Офицером Тимофей Петрович перешел из драгунского полка в гренадерский полк де-Ласси, скоро переименованный в пехотный Белозерский, стоявший тоже в Риге и прибалтийском крае; офицер петровского кондуита, то есть на все способный и всегда исполнительный, он получал исключительные поручения: в 1722 году собственноручным приказом Петра I ему поручили отвезти немецких жнецов из города Риги в степные места, где их работа должна была служить образцом для русских. Ему не удалось получить боевой закал отца и тестя. Тогда после Ништадского мира настало затишье в военной деятельности, длившееся и при двух первых преемниках Петра Великого; армия с трудом поддерживала боевую подготовку, насколько могла при частых отлучках на разные технические, совсем не военные работы. Тимофей учился по традициям и временным упражнениям, но сумел до тонкости постичь фронтовую науку. За обходительный характер, уменье ладить со всеми он был любим в полку, а за исполнительность и аккуратность – начальством, особенно немецким. Симпатии к немцам и немецкому обществу навсегда и глубоко залегли в нем; он завел себе прочные дружественные связи и знакомства в остзейском крае. По этим симпатиям он оказался вполне подготовленным к положению дел, созданному воцарением Анны Иоанновны. Новое царствование очень благотворно отразилось на его карьере, отчасти именно тем, что влияние многочисленных немцев подвергало тогда порядочным испытаниям гибкость русского человека.

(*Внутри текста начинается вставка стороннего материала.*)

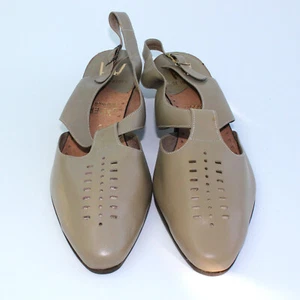 Vintage deadstock 60s beige low heel leather slingbacks shoes (fits modern 6) - Picture 1 of 4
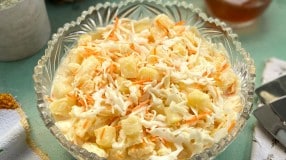 Salada tropical de repolho com abacaxi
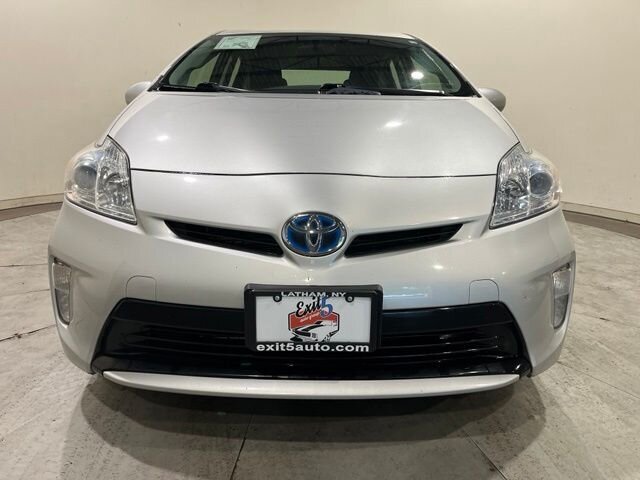 
 2014 Toyota Prius Two full									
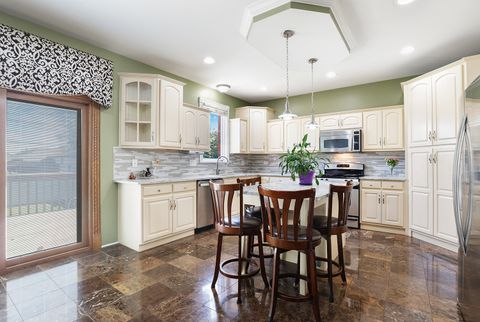 Tiny photo for 9935 Menard Avenue, Oak Lawn, IL 60453 (MLS # 12502297)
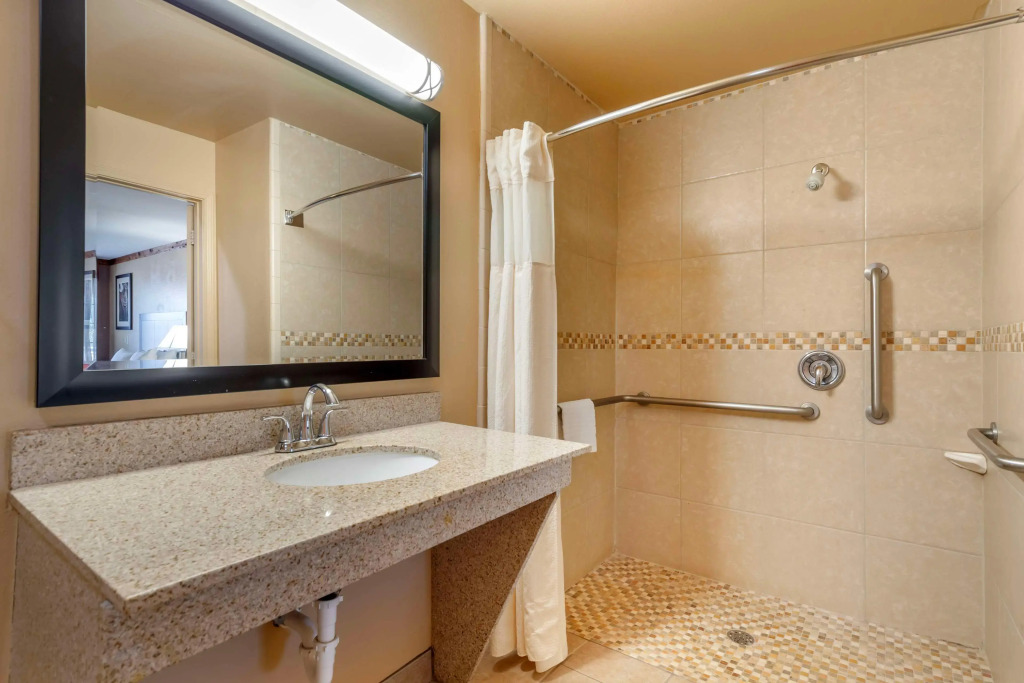 Best Western Windwood Inn & Suites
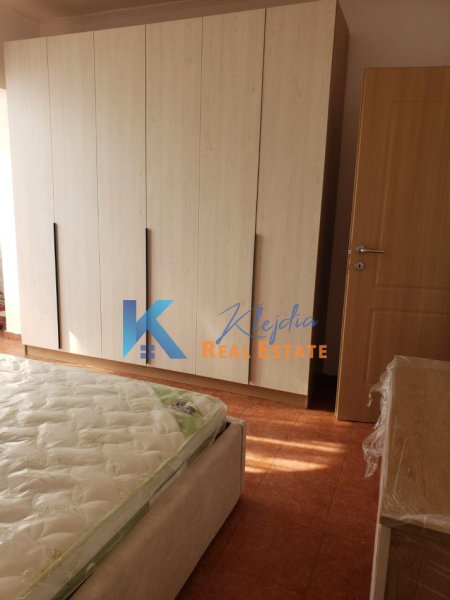Tirane, jap me qera apartament 2+1+Aneks+Ballkon Kati 9, 105 m² 650€ (Komuna e Parisit, afer Pasticeri Nefeli)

Как известно, в противовес старой петровской гвардии решили учредить новый гвардейский полк, Измайловский; Левенвольде, которому было поручено это дело, набирал офицеров преимущественно из остзейских немцев и из особо рекомендованных лучших людей армейских полков. Белозерский поручик Болотов, аттестованный немецкими приятелями, попал в число избранников>67, и здесь-то вполне оценили его аккуратность и выдержку. Сперва майором одного из батальонов, а затем командиром полка сделался Густав Бирон, младший брат фаворита; типичный немец-фронтовик, тупой, без всякого образования, но благодушный, он сам был олицетворением мелочных распорядков, какие вводились в полку: аккуратное хозяйство в узко полковых интересах, фронтовой формализм, ученье по темпам, как по камертону, внешний вид подтянутости строго по форме. Во все это погрузился Болотов, и очень удачно. Командир отличал его от прочих русских и оставил в подчиненном самые приятные воспоминания. Правда, Густав по характеру вовсе не походил на старших братьев: по форме строгий, он при всей своей ограниченности был все-таки отец-покровитель своего полка; тем не менее отзыв о нем в записках звучит довольно странно; мрачных преданий о бироновщине не существовало для семьи Болотовых, и сын Тимофея с умилением восклицает: «Один из славных наших Биронов любил его особливым образом, и он был у него в милости»… Как же наивно, просто и легко умели чисто русские люди сживаться со всякими порядками.